*TASK OBJECTIVE*: Only one stretch of the data below should be repeated: the lines from the line containing "Pagewings Love Whoever" through the line containing "乐发 从被质疑到拿奖拿到手软，宋佳背后不为人知的逆袭故事", inclusive, exactly as they are.

*SUPPLIED MATERIAL*:
§

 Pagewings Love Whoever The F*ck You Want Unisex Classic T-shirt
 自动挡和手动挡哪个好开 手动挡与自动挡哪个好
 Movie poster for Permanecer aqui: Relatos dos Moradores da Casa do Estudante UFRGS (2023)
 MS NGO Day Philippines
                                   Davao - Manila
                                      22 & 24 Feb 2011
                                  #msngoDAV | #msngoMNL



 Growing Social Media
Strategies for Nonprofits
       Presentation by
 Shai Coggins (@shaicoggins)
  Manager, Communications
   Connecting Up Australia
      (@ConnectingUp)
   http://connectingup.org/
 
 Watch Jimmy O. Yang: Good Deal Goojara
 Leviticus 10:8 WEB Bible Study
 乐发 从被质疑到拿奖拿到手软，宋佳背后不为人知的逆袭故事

§

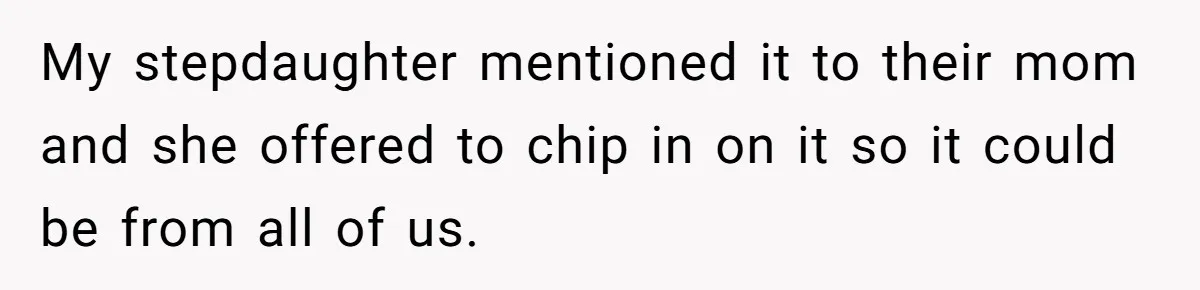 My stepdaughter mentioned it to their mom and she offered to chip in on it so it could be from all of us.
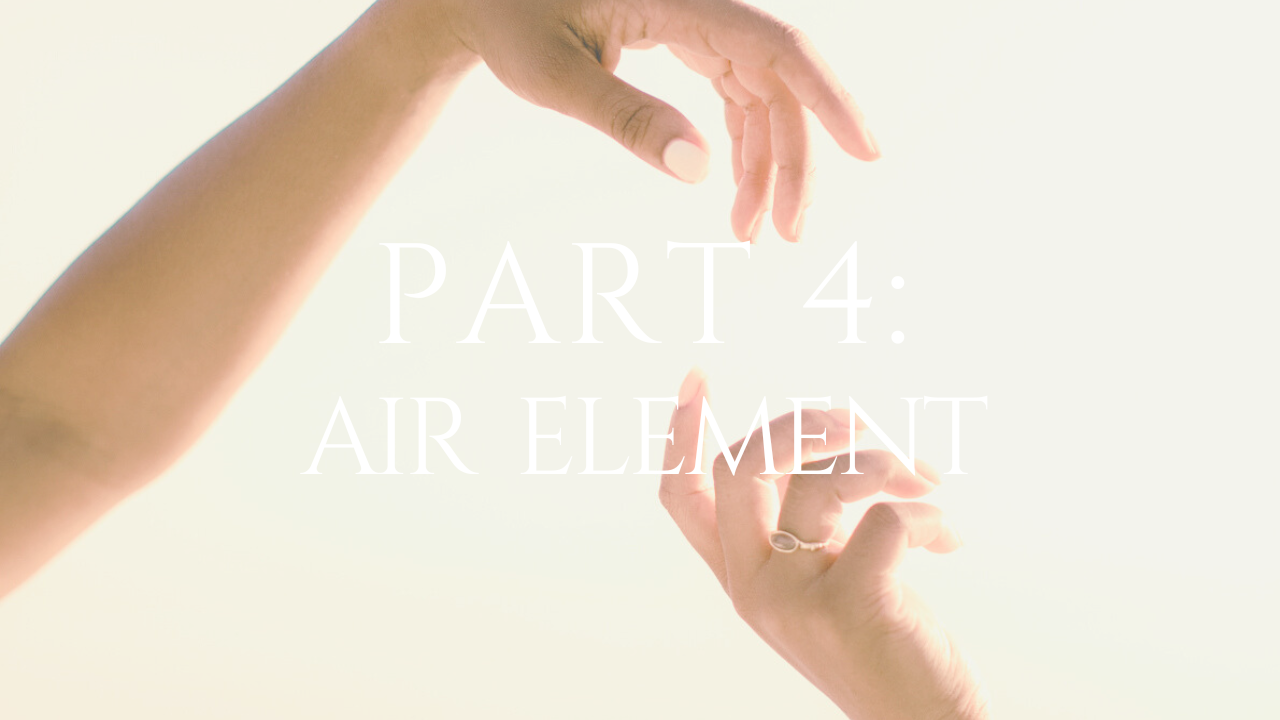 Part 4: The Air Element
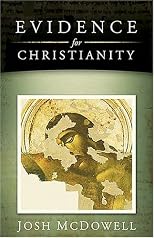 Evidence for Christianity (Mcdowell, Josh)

§

*RESPONSE*:
 Pagewings Love Whoever The F*ck You Want Unisex Classic T-shirt
 自动挡和手动挡哪个好开 手动挡与自动挡哪个好
 Movie poster for Permanecer aqui: Relatos dos Moradores da Casa do Estudante UFRGS (2023)
 MS NGO Day Philippines
                                   Davao - Manila
                                      22 & 24 Feb 2011
                                  #msngoDAV | #msngoMNL



 Growing Social Media
Strategies for Nonprofits
       Presentation by
 Shai Coggins (@shaicoggins)
  Manager, Communications
   Connecting Up Australia
      (@ConnectingUp)
   http://connectingup.org/
 
 Watch Jimmy O. Yang: Good Deal Goojara
 Leviticus 10:8 WEB Bible Study
 乐发 从被质疑到拿奖拿到手软，宋佳背后不为人知的逆袭故事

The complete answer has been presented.